[TO DO]: From the line containing "robin2giphy.gif" through the last line of the records below, each line is to be repeated exactly; pictures are to be omitted.

[Excerpts from a dataset]:
========================================

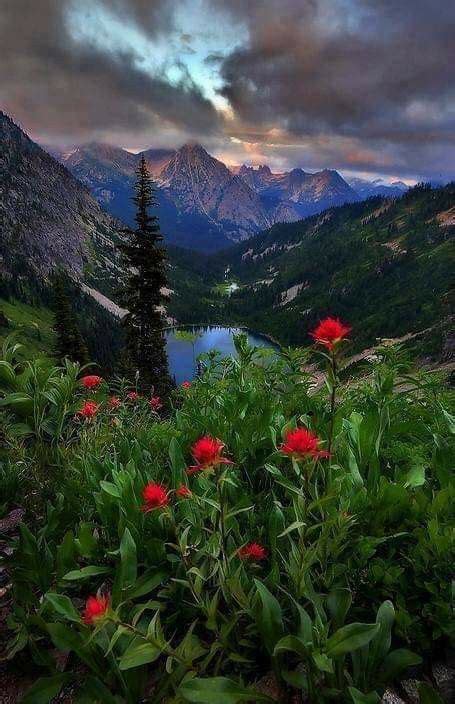Pin By Christine Beasley On Nature And Places Beautiful Nature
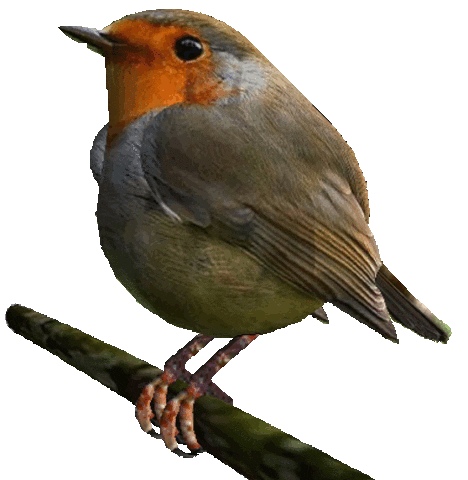 robin2giphy.gif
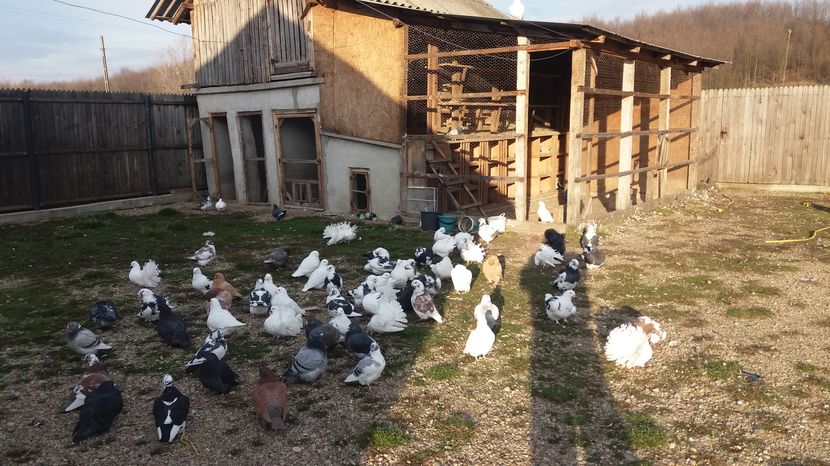  - Porumbeii mei la baie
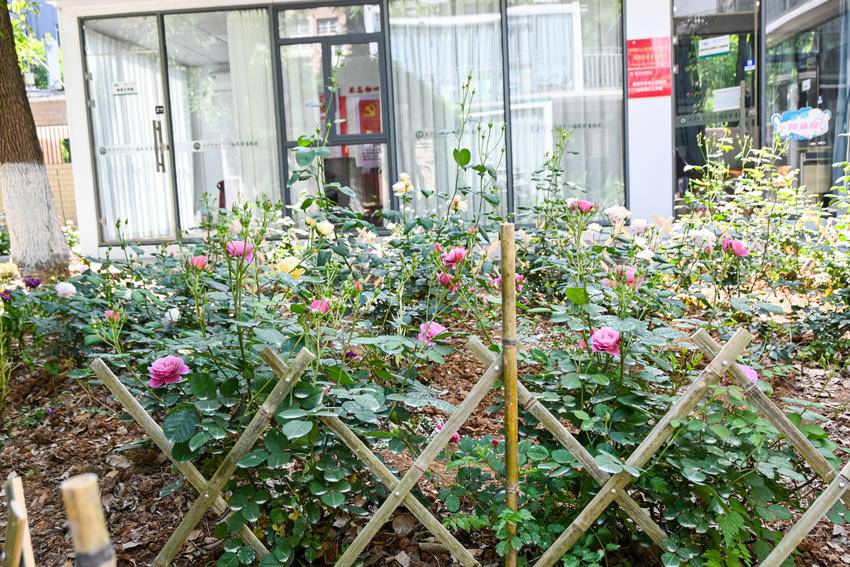 太阳集团城网址娱网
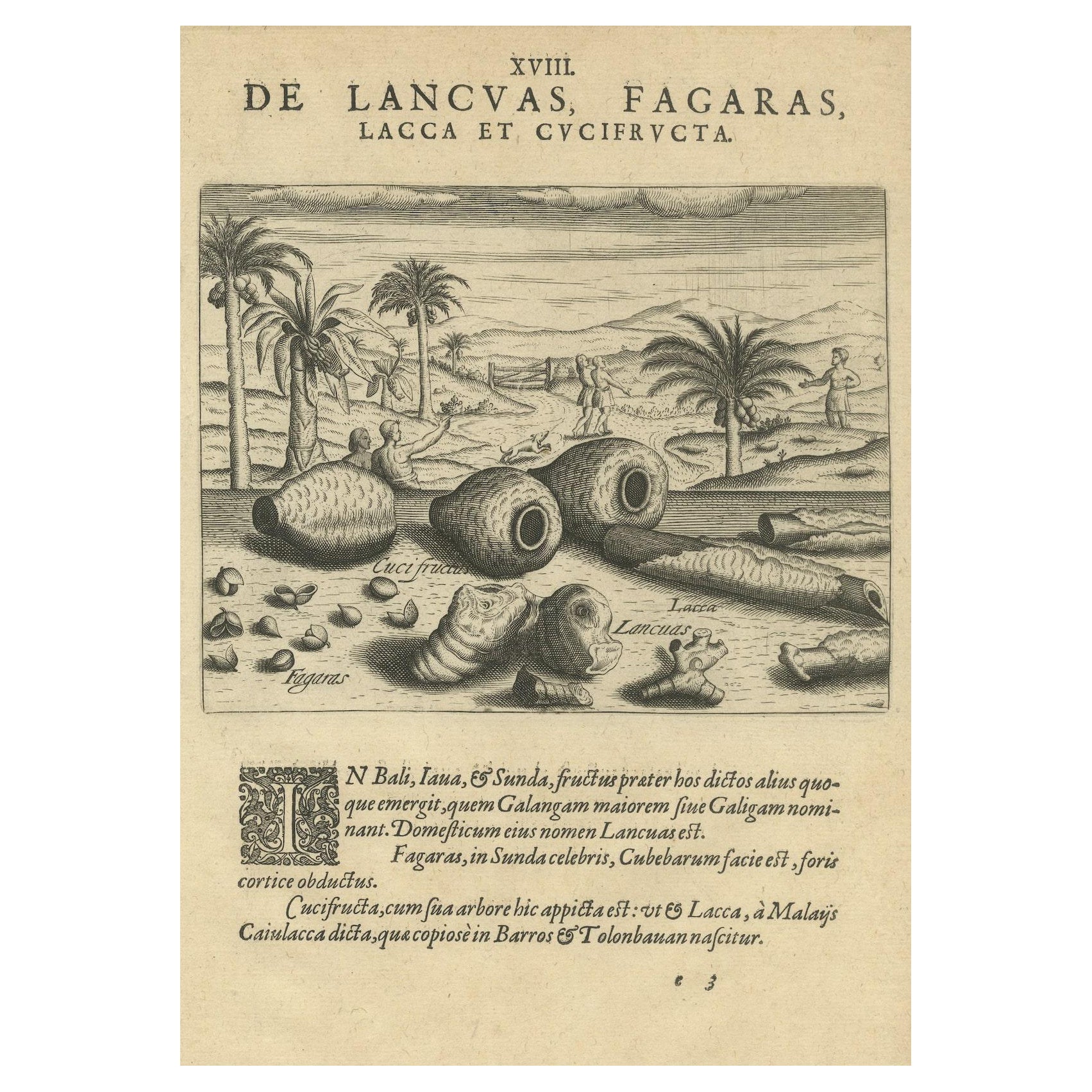 Treasures of the Tropics: Lac, Lancas, and Fagaras in De Bry's 1601 Engraving For Sale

========================================

[SOLUTION]:
 robin2giphy.gif
  - Porumbeii mei la baie
 太阳集团城网址娱网
 Treasures of the Tropics: Lac, Lancas, and Fagaras in De Bry's 1601 Engraving For Sale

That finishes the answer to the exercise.